The tally was provided by the American Gaming Association (AGA), a group that campaigns for further legalized gambling across the country. The group recently pointed out that there are now 52 million Americans who can place legal sports bets in the U.S., three times as many as what was seen a year ago. At that time, only six states – Delaware, Mississippi, Nevada, New Jersey, New Mexico and West Virginia – had authorized the activity.
$7.8 billion in wagers were taken during the first nine months of the year, $1.2 billion more than what was seen across all 12 months of last year. This figure can expect to jump exponentially, thanks to new legislation in several more states that are preparing to roll out legal sports gambling markets. Among these are Illinois, Montana, New Hampshire, North Carolina, Tennessee and Washington, DC.
In addition to the expansion of legal states, the legal framework is going to be key to greater growth. How operators are licensed and taxed will make a huge difference and how the activity is allowed will also play a major role. Mobile sports gambling will be a sure bet that states will capture a larger amount of gambling dollars, as states that offer Internet-based platforms are overwhelmingly seeing greater online wagers. In New Jersey, for example, 82% of all bets come through mobile solutions.
New Jersey was the state that got the ball rolling for legalized sports gambling in the country and has been rewarded handsomely for its efforts.

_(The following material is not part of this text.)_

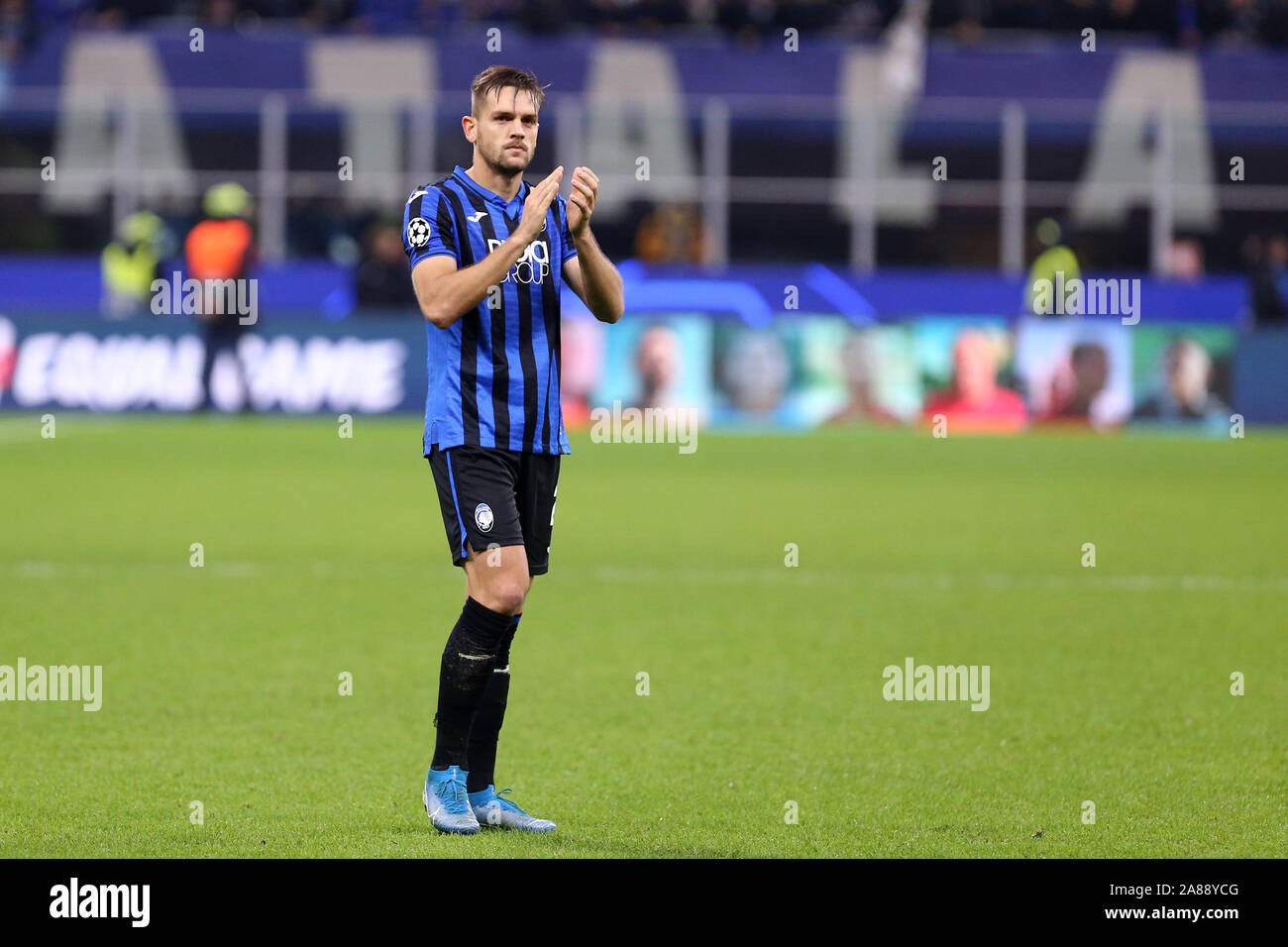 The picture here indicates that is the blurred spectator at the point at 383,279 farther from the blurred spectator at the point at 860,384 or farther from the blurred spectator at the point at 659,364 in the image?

Being one of the first to have a flexible program, including online platforms, it has been able to attract gamblers from New York, Pennsylvania and others, all of whom only have to cross over the border, find a place to stop and place their bets.
Gamblers are going to gamble – this has already been unequivocally substantiated by numerous studies. The only logical course of action is to respond favorably and capture the economic benefit the activity will provide. This is also the only way to ensure that consumers are protected from shysters and scammers. The sooner states realize this, the better off they’ll be.